- _What to do_: Retype the data exactly. Spelling and punctuation stay as they are.

- _Dataset section_:
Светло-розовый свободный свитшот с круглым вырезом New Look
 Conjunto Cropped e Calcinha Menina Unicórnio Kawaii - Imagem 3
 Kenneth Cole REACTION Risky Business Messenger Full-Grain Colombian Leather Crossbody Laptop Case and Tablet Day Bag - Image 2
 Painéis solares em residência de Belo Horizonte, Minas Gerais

- _Solution to this problem_:
Светло-розовый свободный свитшот с круглым вырезом New Look
 Conjunto Cropped e Calcinha Menina Unicórnio Kawaii - Imagem 3
 Kenneth Cole REACTION Risky Business Messenger Full-Grain Colombian Leather Crossbody Laptop Case and Tablet Day Bag - Image 2
 Painéis solares em residência de Belo Horizonte, Minas Gerais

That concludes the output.